Human Rights . . . Here & There
There is no doubt as a resource-based economy, Canada has developed an impressive and robust extractive industry sector some would argue is part of our “national security interests.” While this sector brings important gains to the Canadian economy, oil, gas, and mining activities are increasingly taking place in remote areas that have a detrimental effect on local, often indigenous, populations.
Increasingly, Canadian extractive companies and their subsidiaries have been the subject of allegations of human rights violations associated with their overseas activities, particularly when operating in developing countries. For years, liability before Canadian courts has been avoided. However, the recent decision of the Ontario Superior Court in Choc v. Hudbay Minerals Inc. may be the first step towards recognition that Canadian companies should be accountable for their behaviour outside Canada.
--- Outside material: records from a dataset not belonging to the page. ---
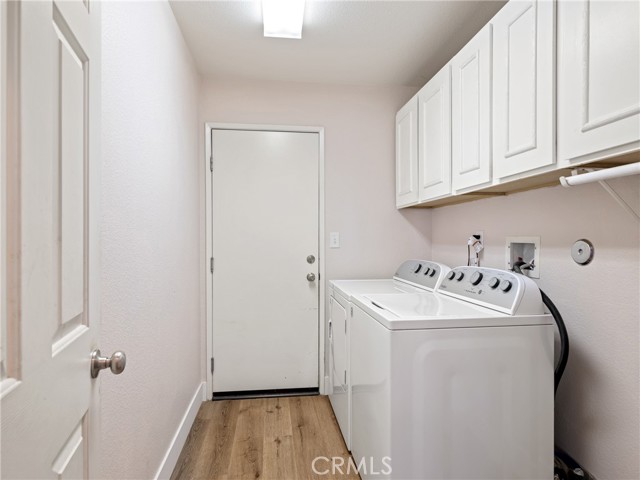 Detail Gallery Image 14 of 46 For 12304 Sunglow Ct, Victorville,  CA 92392 - 4 Beds | 2/1 Baths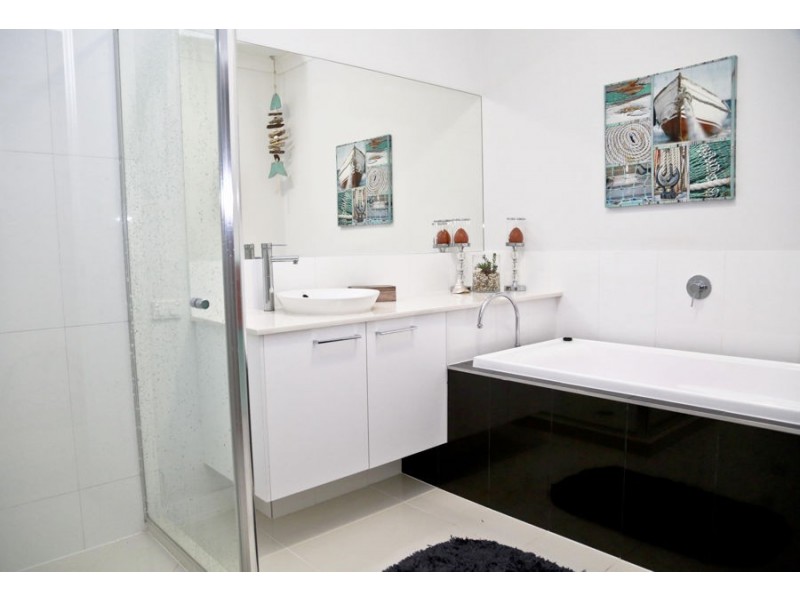 8 Hans Street, Upper Coomera QLD 4209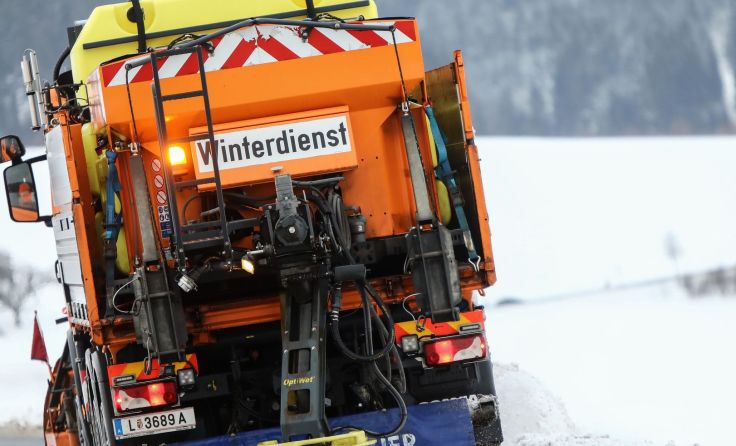 Winterdienst im Dauereinsatz. Foto: Weihbold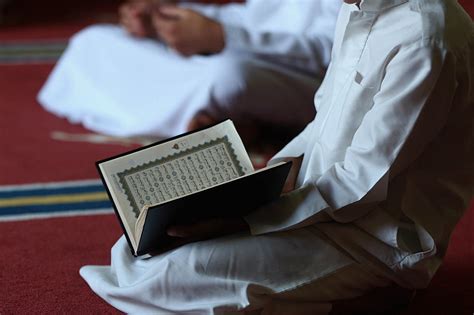 7 years ago7 years ago. 7 Adab Membaca Al Quran dan Dalilnya - DalamIslam.com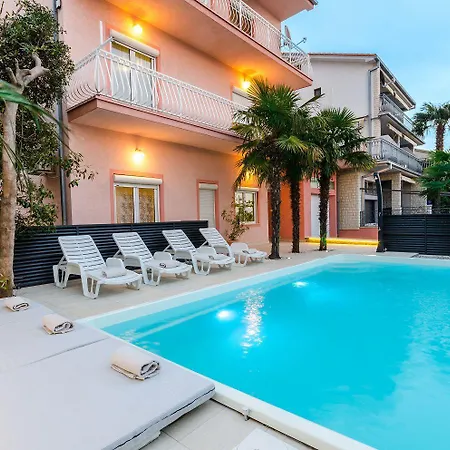 Traumhaftes Penthouse Nur 400 Meter Zum Mit Beheizbarem Pool, Meerblick, Babybett, Grill * Crikvenica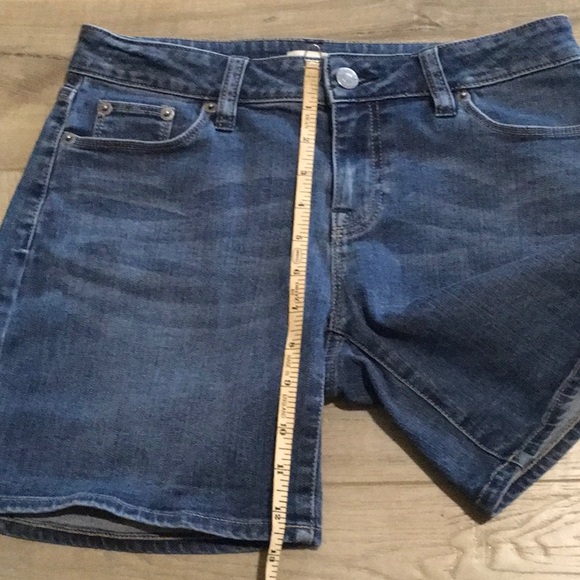 Cremieux Jean Shorts Size 2 - Picture 5 of 7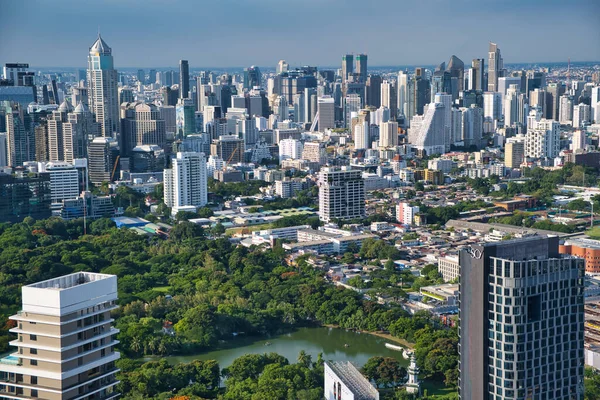 BANGKOK, THAILAND - 20-2020 Temmuz: Bangkok şehir merkezindeki ünlü bir çatı barı ve otelden şehir manzarası.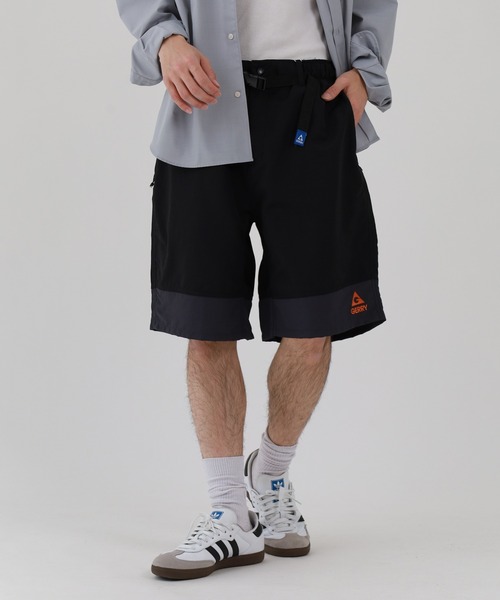 GERRY(ジェリー)の「GERRY ナイロンZIPバイカラーショートパンツ(その他パンツ・メンズ・ブラック系/ブラック×グレー/ブラック×ベージュ/ネイビー系1/ネイビー系2/チャコールグレー×ブラック・M/L/LL/S)」の9枚目の写真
Under international human rights law, states have international legal duties to protect the human rights of individuals within their territory and subject to their jurisdiction. However, for a range of reasons host states may be unable or unwilling to regulate the conduct of foreign business actors, even where not doing so violates their international obligations to protect human rights.
A report commissioned by the Prospectors and Developers Association of Canada and publicly leaked in 2010 found that of 171 high-profile incidents involving mining companies since 1999, 34 per cent of companies implicated in such incidents were Canadian. These incidents included environmental and human rights abuses, and conflict with local communities.
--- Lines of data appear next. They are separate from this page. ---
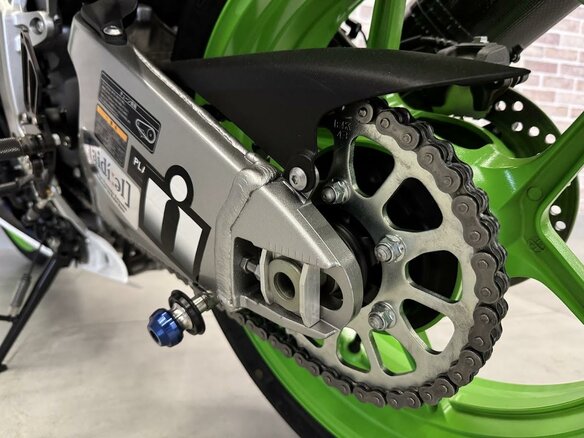 2024 Kawasaki ZX-6 Ninja, белый, 1295000 рублей - вид 10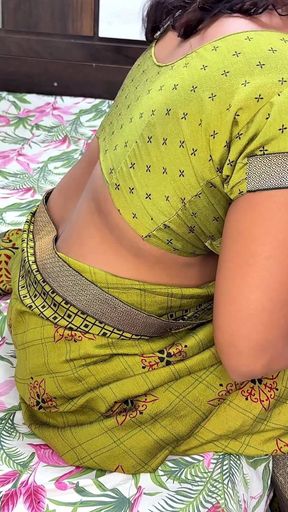 Komal Called a Boy for Head Massage and Took Out His Penis and Started Sucking It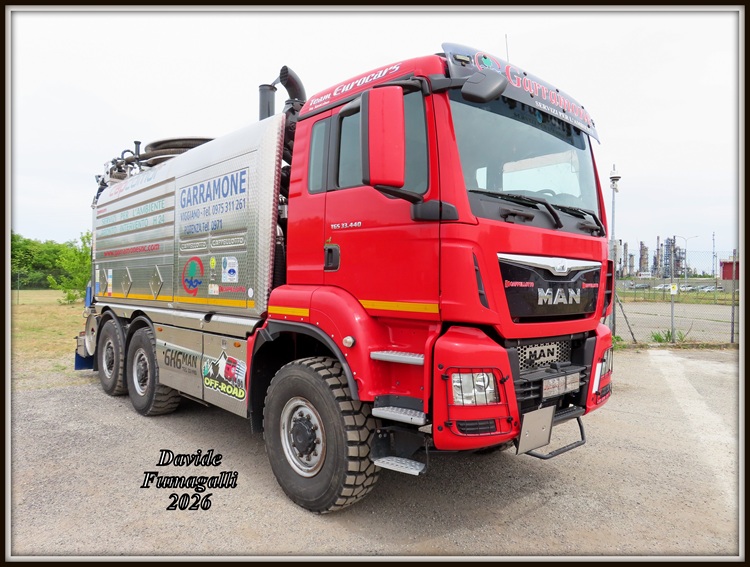 MAN TG-S 33.440 Garramone 001.jpg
Canadians were found to be involved in four times as many incidents as Australian and British companies, both very active in the sector. The report noted some of these high numbers were likely due to the fact 75 per cent of the world’s largest mining exploration and development companies are Canadian.
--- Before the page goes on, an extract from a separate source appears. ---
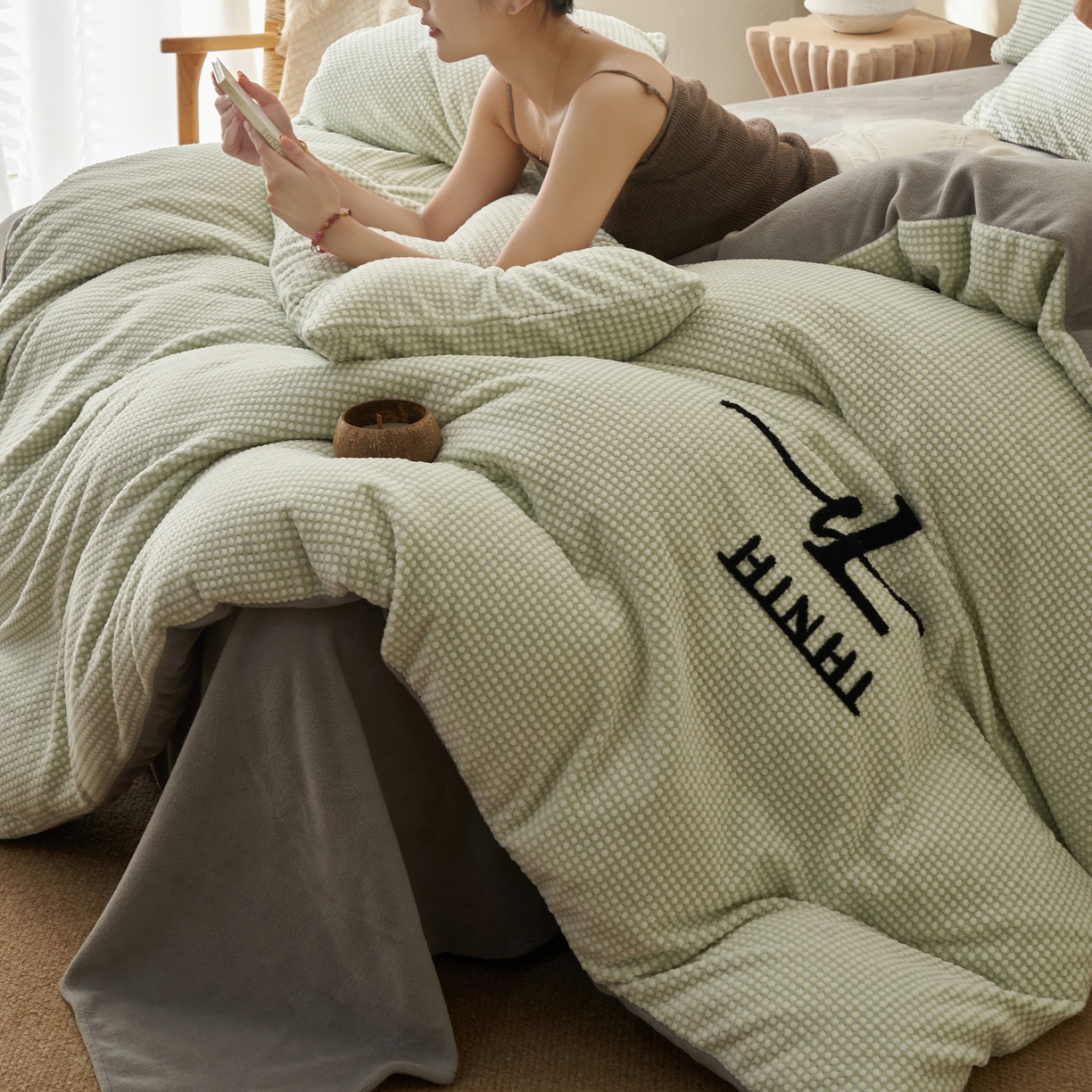 91家纺网 家纺一手货源 找家纺 早晨家纺 2025新款深蓝款阳离子提花牛奶绒四件套 深蓝-绿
In an interview, Penelope Simons, an expert in transnational corporate accountability, described the accountability problem as follows:
“International human rights law does not impose obligations on home states, such as Canada, to regulate transnational corporate activity. There are also few effective domestic legal mechanisms that can be used to challenge, monitor, or sanction corporate conduct in order to ensure that Canadian investment abroad does not contribute to, or profit from, violations of human rights. The voluntary self-regulatory mechanisms that have been developed so far have failed to ensure that transnational corporate actors do not violate or contribute to violations of human rights in the host states in which they operate.”